Innovation and opportunities in roof windows

Fakro’s Andrew Cross explains how an understanding of market trends, design innovation and performance requirements will pay dividends for merchants looking to capitalise on the sales opportunities presented by the roof window market.

With the loft conversion sector showing every sign of continued growth and new build at last beginning to recover, opportunities for roof window sales are steadily improving. Projects requiring specific aspects of performance are increasing in number too and this is having a knock-on effect on designs, in much the same way as initiatives in Formula One drive innovation in the car industry.

With designers and home owners using windows more prominently — for example, in combinations — it is all good news for merchants. Keeping up-to-date with what’s available can make a considerable difference to success and as this can be difficult for counter staff, Fakro has been increasing its sales team to provide support in order to help branches capitalise on enquiries.

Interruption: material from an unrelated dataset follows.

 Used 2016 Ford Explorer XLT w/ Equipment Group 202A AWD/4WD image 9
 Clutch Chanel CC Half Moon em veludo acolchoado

Despite the rate of change affecting roof windows, the vast majority sold are still centre pivot and this has tended to encourage what is essentially a commodity approach to procurement. There is, however, growing evidence that self-builders are driving demand for products that offer better performance —  sometimes this is to provide something as specific as improved thermal efficiency, but in the main because they have researched product quality and functionality.

Major house builders too are designing more imaginatively and in such cases manufacturers with a limited range of traditional designs are unable to meet their needs. A good example of a housing project requiring bespoke features is St Andrew’s Park, a Charles Church development in West London, where specific planning requirements were imposed on roof window flashings. Furthermore, the timeframe to produce them was such that Fakro was the only manufacturer which could do so.

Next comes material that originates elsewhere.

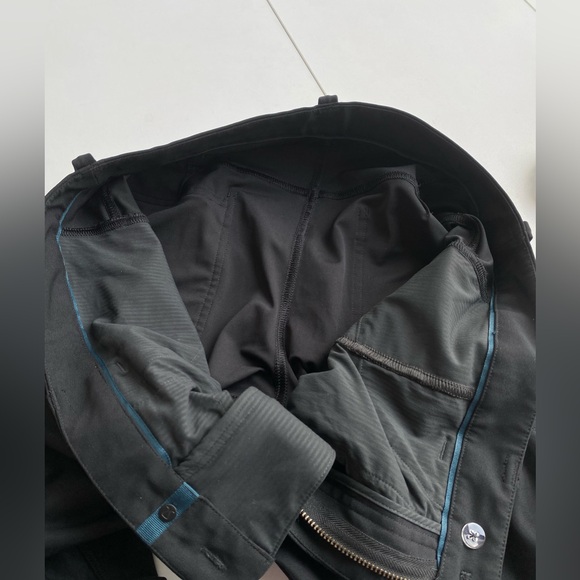 Lululemon Mens ABC Pant Classic Fit Size 36 Black Trousers 33”‎ inseam - Picture 13 of 16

The merchant involved was unaffected in this case as the technicalities were resolved between the house builder and manufacturer. However, on a day-to-day basis such an enquiry is just as likely to come to the trade counter, so knowledge of and experience gained from such projects can put a branch in a position of considerable advantage.

Even with basic designs like the centre pivot, which many still think of as much the same from one manufacturer to another, the gap in performance and appearance is already considerable. Differences in quality can be affected by the timber type and its treatment, jointing technology, seals, vent, flashing, thermal efficiency and installation depth. They may not immediately be visible but become clear on closer inspection.

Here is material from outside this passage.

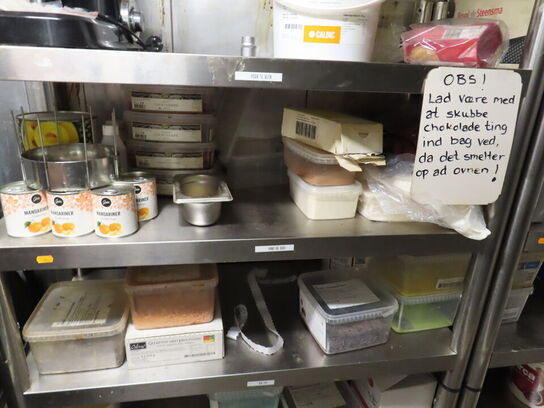 5 stk. reoler med indhold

External appearance, which hasn’t traditionally been a factor of great concern to anyone other than planning officers, has also become a factor affecting roof window choice. If the roof is natural slate, the installed window looks far better if it sits low within the roof line. Demand for this was initially prompted by planners in conservation areas, requiring windows not just in conservation style but with a low profile to make the windows less obtrusive.

The principle is equally true with deeply profiled tiles like a Bold Roll for which the height can be increased to suit the tile, but Fakro lays claim to remaining the only manufacturer to offer — as standard — a choice of three installation depths.

Self-builds often place greater demands on performance as a result of roof design complexity, airtight construction, use of solar systems and roof windows in varying combinations. Such factors all place considerable pressure on window performance and the ability to provide clear proof of performance.

Indeed, the gap between products which offer little more than basic functionality and those moving in line with improving Building Regs and Standards such as Passivhaus is also reflected in visual style and functionality. Some older products no longer meet the mark in terms of appearance, thermal efficiency, manufacturing quality or design life.

Here again, the self-build sector provides a good indicator of changing attitudes and requirements with comments received at exhibitions in particular providing valuable insight and feedback.

A little knowledge can go a long way, particularly as the general level of awareness of roof window developments remains low amongst builders, amongst whom experience of designs beyond the centre pivot is often limited. This lack of knowledge is gradually changing as a consequence of the trust placed in them by home owners to make product recommendations.

Combining a high standard of performance in roof windows of contemporary style invariably prompts recommendation and if this is the case, the chances of a repeat sale for the merchant can only increase.

Andrew Cross is Marketing Manager at Fakro GB.